Google DeepMind’s latest release, WeatherNext 2, has elevated the task of checking the weather to an hourly and real-time level.

It operates eight times faster than its predecessor and has improved its resolution to an hourly basis. This means that instead of traditional forecasts like “It will rain tomorrow afternoon,” it can provide details such as “There will be light rain from 2 to 3 PM tomorrow, with the rain intensifying from 3 to 4 PM and gradually stopping from 5 to 6 PM.”

Interestingly, it doesn’t just offer a single version of the forecast but can generate dozens or even hundreds of possible weather evolution scenarios from the same input.

Tasks that would take traditional supercomputers several hours to complete can be finished by WeatherNext 2 in just one minute using a single TPU.

As a result, 99.9% of its forecast variables and timeframes surpass those of the previous generation WeatherNext. It can also detect the potential impact range of extreme weather events like high temperatures and heavy rainfall much earlier.

So why does weather forecasting need to be so detailed?

Let the Model Transform into a Miniature Earth
Firstly, in reality, many industries are closely tied to the weather.

Energy systems rely on it to coordinate loads; urban management uses it to arrange manpower; agriculture depends on it to set the pace; and logistics and flights constantly monitor it to make decisions.

Moreover, the atmospheric system can be viewed as a vast chaotic machine where any minor disturbance may influence cloud movements or rainfall ranges days later.

The traditional approach involves running numerous predictions with different initial conditions and then identifying the most probable trends from thousands of results. However, this method is extremely computationally intensive.

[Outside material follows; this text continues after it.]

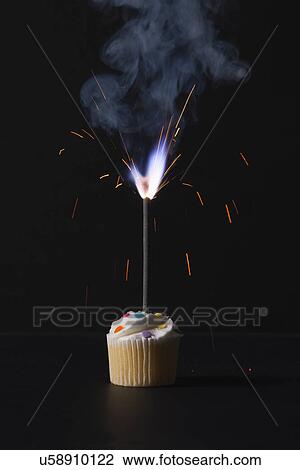 Stock Image - USA, Illinois, Metamora, Sparkler on cupcake. Fotosearch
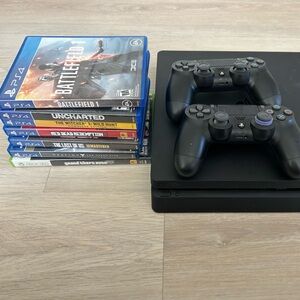 PlayStation 4 (PS4) with 2 controllers and 6 games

The key to making WeatherNext 2 both fast and accurate lies in Google DeepMind’s newly proposed Functional Generative Networks (FGN).

The FGN approach is quite different. Instead of stacking more physical equations or simulating the weather itself, it transforms the model into a changing miniature Earth by adding slight but globally consistent random perturbations to the model’s core.

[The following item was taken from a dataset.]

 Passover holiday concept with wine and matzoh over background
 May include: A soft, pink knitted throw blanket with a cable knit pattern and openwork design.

More specifically, FGN inputs a 32-dimensional small random vector, or 32 random numbers, during each prediction. This random vector passes through all layers of the model, controlling its internal states and allowing the model to naturally generate a complete set of future weather fields.

Each set of random numbers represents one possible future, and changing to another set of random numbers yields a different future.